Users unfazed by consumer Vista OS delay

Microsoft's announcement that it would delay the planned release of some versions of Windows Vista -- those aimed at consumers and small businesses -- won't adversely affect large corporations' plans.

That's primarily because few planned to roll out Vista aggressively.

"No surprise," Marc West, CIO at H&R Block said about the delay. The company has 120,000 PCs throughout its thousands of tax preparation branch offices running either Windows 2000 or XP. According to West, H&R Block had no plans to upgrade to Vista until 2009, at the earliest.

"Given the current state of XP, it is wise for them to go for a higher quality and more security-tested product versus rushing for a deadline and having problems that diminish the opportunity to gain market attention [and] happy customers."

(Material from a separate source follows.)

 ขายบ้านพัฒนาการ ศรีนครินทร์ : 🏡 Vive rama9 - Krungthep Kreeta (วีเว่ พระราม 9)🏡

"For most companies, this slip will not be an issue, because it will take them 18 months for testing and planning before they can start deploying Windows Vista anyway," said Michael Silver, an analyst with Gartner Inc. "Companies should have been planning for 2008 deployment anyway.

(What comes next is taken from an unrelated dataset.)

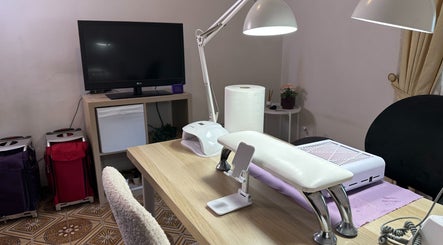 VISO Nails & Makeup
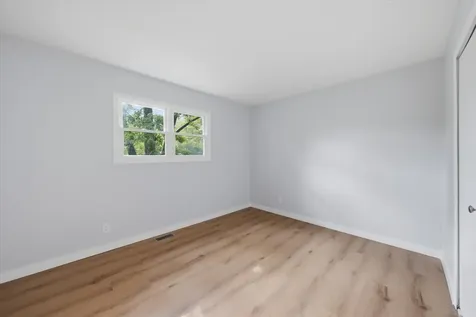 212 Kenilworth Drive Bolingbrook IL 60440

"Microsoft could slip the business editions into 2007 without a big impact on what most companies would do, and that's certainly possible," he said. "The Home editions were really the more important ones to get out this year. Once they miss Christmas, slipping again has fewer ramifications."

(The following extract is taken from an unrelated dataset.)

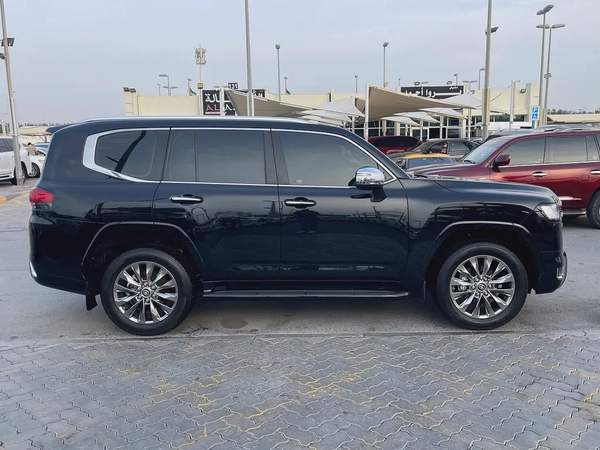 2023 Toyota Land Cruiser VXR - GCC Specs - Pristine Condition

Both Gartner and Forrester Research had released reports last year predicting that enterprise uptake of Windows Vista would be sluggish, just as it was with Windows XP. Forrester, for instance, said in December that its surveys indicated that only a third of big business users planned to start deploying Vista when it became available -- or even by the time Microsoft releases a Service Pack 1 update, which typically takes a year or so. About 20 percent of users in Forrester's July 2005 survey of 56 large companies said they had no plans to upgrade Vista at all.

Microsoft will continue to release Windows Vista Business and Windows Vista Enterprise to volume licensing customers in November. The four consumer editions of Vista, while still being released to manufacturing in November, won't arrive installed in PCs on store shelves until January -- after the important holiday shopping season. Jim Allchin, co-president of the company's platform and services division announced the delay Tuesday, saying the company wants to ensure that the OS is solid and secure before releasing it.

Microsoft also said that retail sales of new PCs are actually higher in January than in december.

Even enterprises with speedier rollout plans said the consumer version shipping delay doesn't affect their rollout plans.

"The Microsoft announcement does not adversely affect us," said Robert Fort, director of IT for Los Angeles-based music retailer, Virgin Entertainment Group. Virgin has about 500 PCs serving as in-store Point-of-Service (POS) terminals and kiosks running a combination of Windows 2000, Windows Embedded for Point of Service (WEPOS) and an old IBM "green screen" OS. The retailer is part of Microsoft's early Technology Adopter Program, or TAP, and "will continue to follow its timeline," Fort said.